Okay, so first day of the competition started on Wednesday, it was a speed and handiness class so the faster you go the better you are placed for the rest of the days. The Belgian juniors started of very well the first day, Gilles Thomas won the competition, Simon Morssinkhof finished 2nd, I finished on a 7th place, Arnaud ended on a 12th place and my sister Emilie made it into the top 25. My goal was to make it into the top 10 the first day, which I achieved.
From then on it was only about jumping clear rounds. With 22 nations we started of the Nations Cup on Friday at 8.00 am, Belgium was the 5th nation to go and I was the first rider of Belgium. I chose to go as first, because then I had less pressure. No one jumped yet so I just had to think of producing a clear round for myself, which I did. Belgium was a bit unlucky in the first round and we closed the first round with a score of 4 faults, while there were 5 nations on a score of 0. We knew it was going to be difficult to still get a spot on the podium so we didn't really have high hopes until the second round started off. All of a sudden there were a lot of poles falling while Belgium had the exact same score as the round before, 4 faults again so 8 faults in total. Finally, only 3 nations stayed on the 8 faults so that could only mean one thing, a jump-off for gold, silver and bronze.
Everyone was all excited about this jump-off, for sure my teammates and I – we had to get this gold medal. I was again first to go and Zeta jumped a really nice and fast clear round. There were not so many clear rounds in the jump-off, and after a while we knew that we had won. Tears were involved; ha-ha! Winning a gold medal doesn't go without having a party afterwards of course, so yes you could say that we all had a very fun night.
All nice and fun to win that gold medal, although it wasn't finished yet… There was still a final to jump with 2 rounds. Gilles, Arnaud and I qualified for the final. On Saturday Zeta was feeling a bit tired, I think she just had enough of being in the same place for that long (as usual). I just walked and trotted a bit around so she would still feel a bit fresh for the final.

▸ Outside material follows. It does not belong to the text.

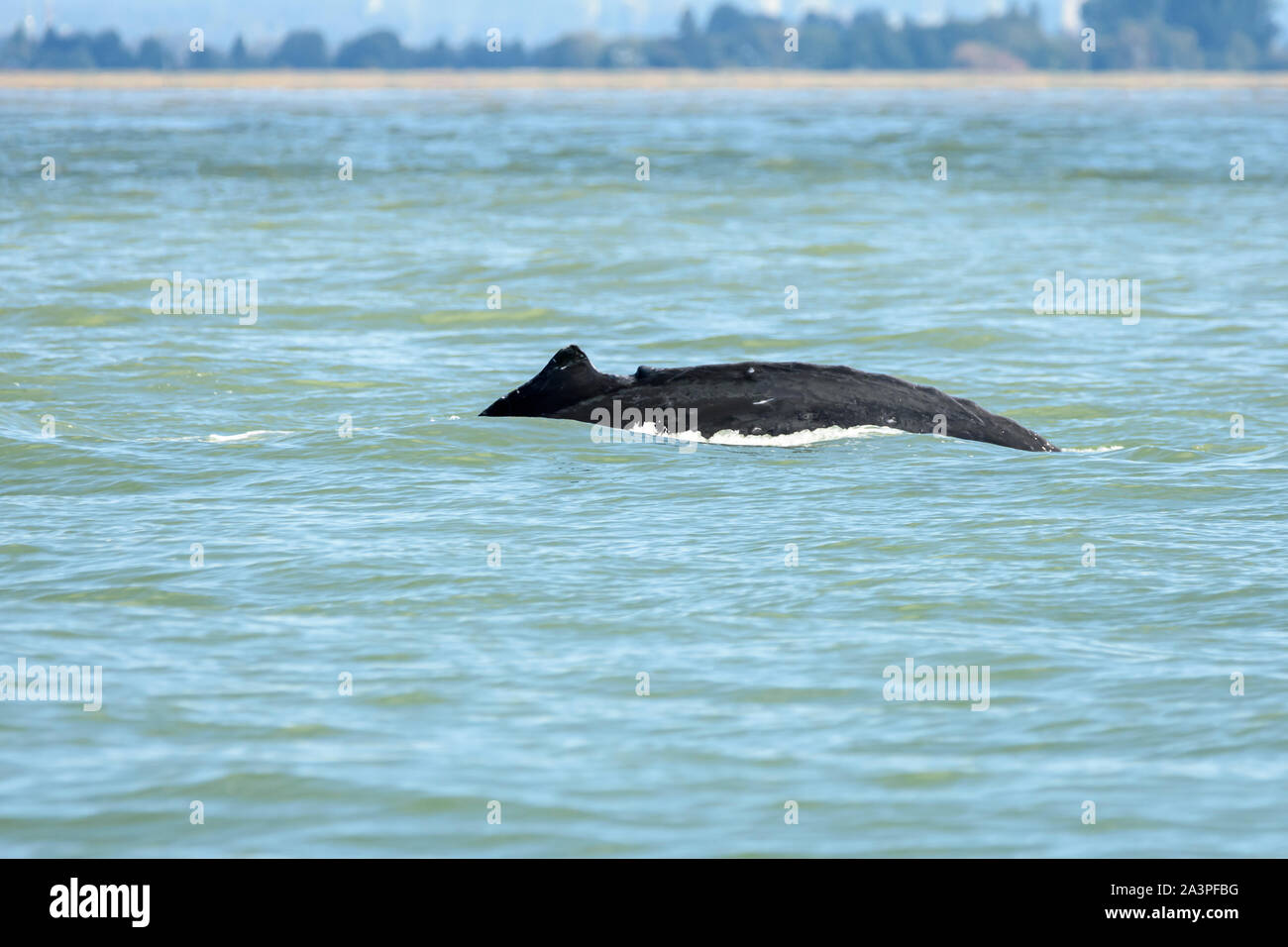 Injured whale hi-res stock photography and images - Alamy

The final day was the day of the final of course, still 2 rounds had to be jumped and I was placed 4th before that. First round was technical enough though, not that big – but technical. When I started my course everything was going well until the big water, I came a bit deep so I really had to kick to get to the other side which made me land a bit funny with my hand on Zeta's neck. I kind of heard something crack inside my hand and the moment I continued after the big water, I knew something was not right. Still 4 more fences to jump and Zeta cleared them without any problem, even though I couldn't pull on my right rein anymore because of the pains I had in my hand. We jumped a clear round and everyone was happy, I got out of the ring and jumped of my horse immediately – I was in serious pain. We put a lot of ice on my hand and taped the two right fingers of my right hand together so I had a little bit of support, we cut a hole in my gloves and hoopla on my horse again for the final round.
There were only a few more fences to jump so I had to stay strong. Zeta jumped her heart out again and produced a clear round again, now it was only waiting for the others to have fences down (which is rude to say…), because I was still in 4th position and I really didn't want to end next to the podium. And then there was one girl of the 3 riders that were in front of me that had a fence down, straight a way my sister ran up to me to tell me I was sure of a place on the podium. From that moment I was glowing. Gilles won the gold medal and well deserved, he is a great rider! France won the silver medal and I won the bronze medal.
After all these years that I failed at a championship, I finally went home with 2 medals. I couldn't wish for any better and I have to thank my amazing horse for that because she is such a fighter. I finished my last year as a junior in a good way and I'm really happy for that!
Now I'd like to focus myself on the bigger shows (3*,4* and maybe 5*). So after the show was finished we headed home Sunday evening, and Monday morning I let our stable vet look at my hand and take an x-ray and we found out that its broken, oops, I think it will take 2 more weeks before I can ride again.
So not only ups, but downs as well for me during this championship!